Lord Haskins: No, I do not. One
of the suggestions we have is that the boards of these two bodies
should exchange members, because their agenda, is complementary.
They both contribute to a sustainable environment; one is interested
in resource protection and the other in conservation. Promotion
of access and recreation actually is the responsibility of many
agencies at the present time. Landscape protection and enhancement
is not the responsibility of the Environment Agency. Biodiversity
is part of the Environment Agency's remit anyway, as it is of
English Nature; natural resource protection is also. There is
an overlap already.
Q74 Mr Liddell-Grainger: This is
a marvellous sort of integrated policy, is it not, because you
have got everybody still doing bits and pieces? Why do you not
just get rid of the whole thing and put it into one group?
Lord Haskins: We have talked about
that, there was talk about creating one big agency, but, again,
I thought that was just a little bit too big, and we had a regulator
and a deliverer under the same roof, and I am nervous about that.
It is like a local authority with care homes, which is both running
them and regulating them, it is a very dangerous practice, and
I think this would apply here. Separating regulation from delivery
as much as possible is very important.
Q75 Mr Liddell-Grainger: You might
get more coherent people in a nursing home. Following on from
what Austin was saying, there are a lot of policies delivered
now from Brussels. Would it not be better actually to integrate
the whole thing? I know the Secretary of State says she wants
to keep the Countryside Agency as an independent advisory body,
I think probably that is the wrong way to go. Surely then it must
be right that we look at a more integrated system, because so
much of this information now is coming from Brussels, and we are
mid-way through the CAP reforms, and all the rest of it? Surely,
that is a better way to go, is it not?
Lord Haskins: You are proposing
a more integrated system than I have suggested.
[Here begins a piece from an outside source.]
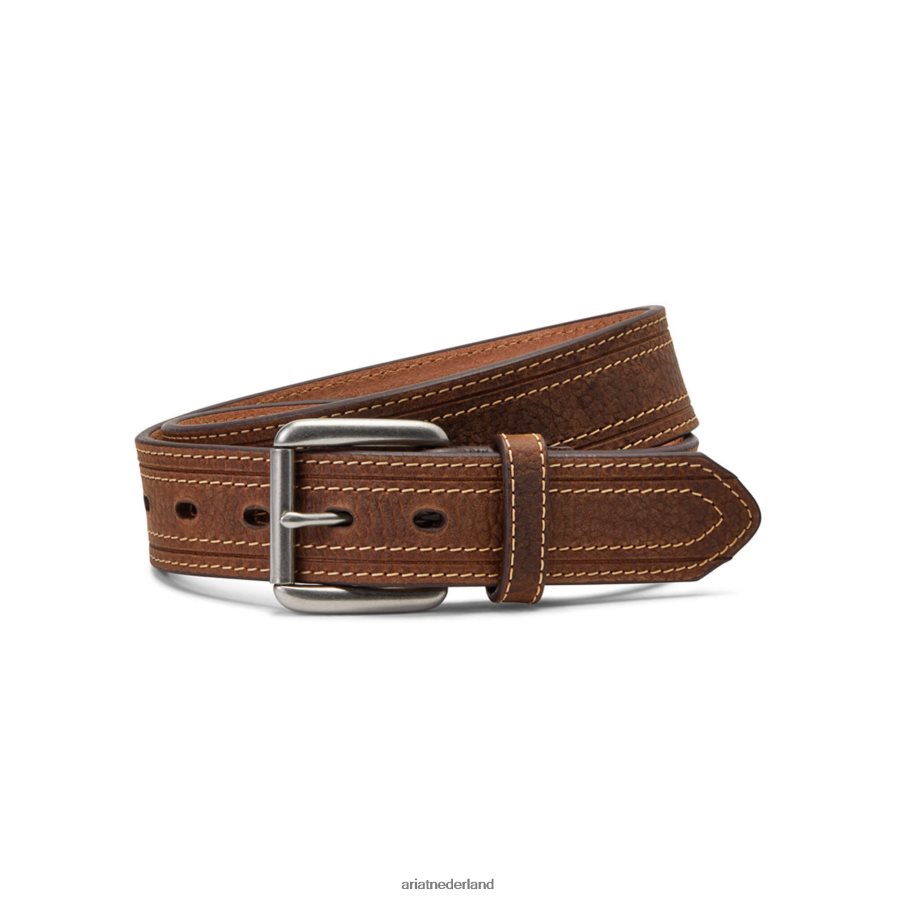 bruin dikke gestreepte riem Ariat Heren accessoires PJ26LN1857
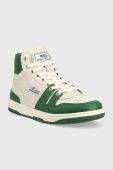 Шкіряні кросівки Mercer Amsterdam The Brooklyn High колір зелений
Q76 Mr Liddell-Grainger: Yes, in
other words, with the Environment Agency and other bodies coming
into one organisation because of the effect of Brussels?
Lord Haskins: No. I think that
is a different issue. You have got to keep the regulatory role
and the delivery role separate, because otherwise they would be
regulating themselves.
Q77 Mr Liddell-Grainger: That is
happening now, the Countryside Agency does it and, to an extent,
the Environment Agency?
Lord Haskins: That is exactly
why I want the Countryside Agency to give up its delivery activities.
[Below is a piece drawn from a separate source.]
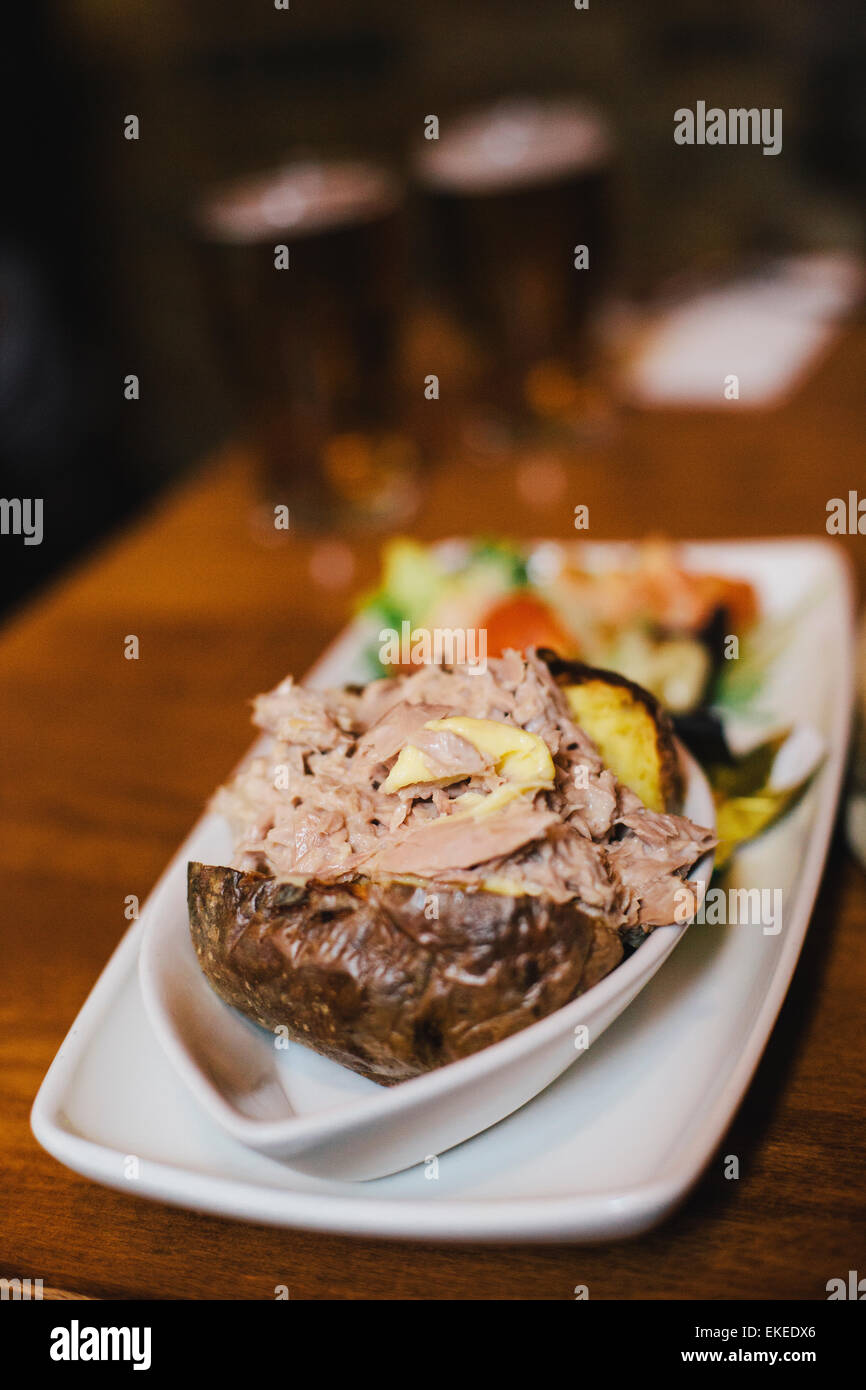 Tuna mayonnaise baked potato Stock Photo Alamy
Q78 Mr Liddell-Grainger: I mean no
disrespect to you, the Environment Agency is still going to be
there doing it?
Lord Haskins: The Environment
Agency's responsibility is regulation, primarily it is regulation.
The new agency's remit is incentivising and encouraging people
to do good environmental things, it is also habitat. They are
different roles. You can make a case for one organisation; it
is a very big and demanding role.
Q79 Mr Liddell-Grainger: I can see
this ending up in a complete muddle, to put it very politely,
because you are trying to integrate people who are potentially
diametrically opposed to each other?
Lord Haskins: I do not understand
why they are diametrically opposed to each other.